File: src/spatial_graph_algorithms/network.py Status: Stable — core schema. Breaking changes require a major version bump.


Purpose

SpatialGraph is the single shared data object for the entire package. Every pipeline function takes one as input and returns one as output. Its job is to hold adjacency, positions, metadata, and reconstructed coordinates in one place, with a small set of invariants enforced at construction time.


Loading Real Data

Use :func:spatial_graph_algorithms.load_edge_list to load an observational edge list. It accepts a CSV path or a pandas DataFrame — whichever you already have. No ground-truth positions, false-edge labels, or simulation metadata are set, so has_ground_truth is False and positions, edge_metadata, and node_metadata are all None.

From a CSV file:

from spatial_graph_algorithms import load_edge_list

sg = load_edge_list("my_experiment.csv")                           # default column names
sg = load_edge_list("edges.csv", source_col="cell_a", target_col="cell_b")  # custom names

From a pandas DataFrame (in-memory edge list):

Node identifiers must be integers — a ValueError is raised otherwise. If your IDs are strings or other types, convert them before loading:

# encode string cell IDs to integers first
df["source"] = df["source"].astype("category").cat.codes
df["target"] = df["target"].astype("category").cat.codes
import pandas as pd
from spatial_graph_algorithms import load_edge_list

df = pd.DataFrame({
    "source": [0, 1, 2],
    "target": [1, 2, 0],
})
sg = load_edge_list(df)

# Custom column names work the same way
df2 = pd.DataFrame({"u": [0, 1], "v": [1, 2]})
sg2 = load_edge_list(df2, source_col="u", target_col="v")
print(sg)
# SpatialGraph(nodes=3, edges=3, has_ground_truth=False, reconstructed=False)

print(sg.has_ground_truth)   # False
print(sg.positions)          # None
print(sg.edge_metadata)      # None — no is_false column
print(sg.node_metadata)      # None — no simulation params
print(sg.node_id_map)        # {0: 0, 1: 1, 2: 2}

Once loaded, pass sg to reconstruct() and metrics.graph_properties() as normal. Functions that require ground truth (e.g. evaluate() comparing reconstructed vs. true positions) will raise a clear error if has_ground_truth is False.


Design Decisions

Why a dataclass, not a class? A dataclass makes all fields visible at a glance and avoids boilerplate __init__. The eq=False override prevents accidental equality comparisons on large sparse matrices.
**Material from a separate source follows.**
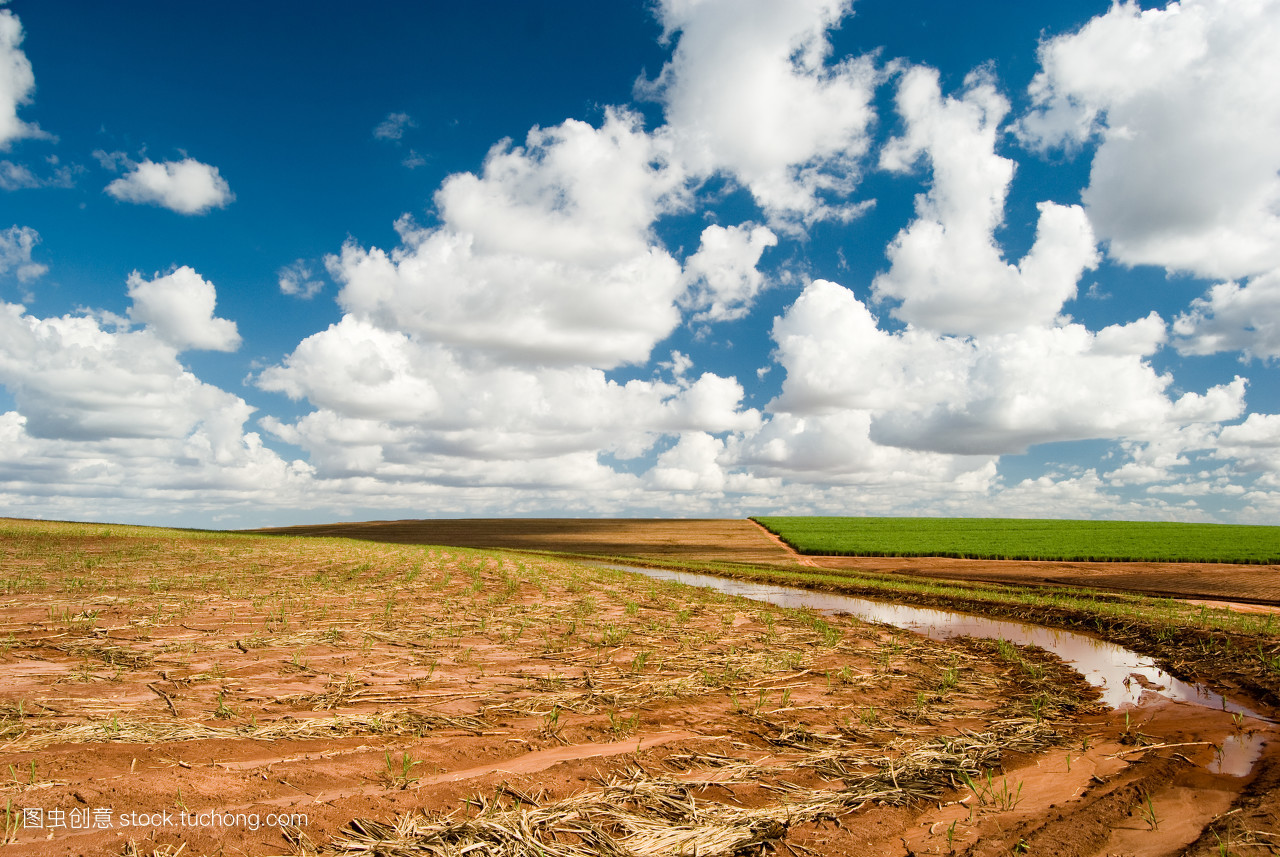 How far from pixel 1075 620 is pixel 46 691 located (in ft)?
67.8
Why is adjacency stored as CSR? CSR is the standard format for row-wise sparse operations (shortest paths, degree sums). The setter normalises any input format to CSR automatically so callers don't need to know.

Why does the constructor extract the LCC by default? Disconnected graphs cause undefined behaviour in shortest-path reconstruction. keep_lcc=True is a safe default that silently discards isolated nodes with a warning. Set keep_lcc=False when you know the graph is connected or want to preserve all nodes.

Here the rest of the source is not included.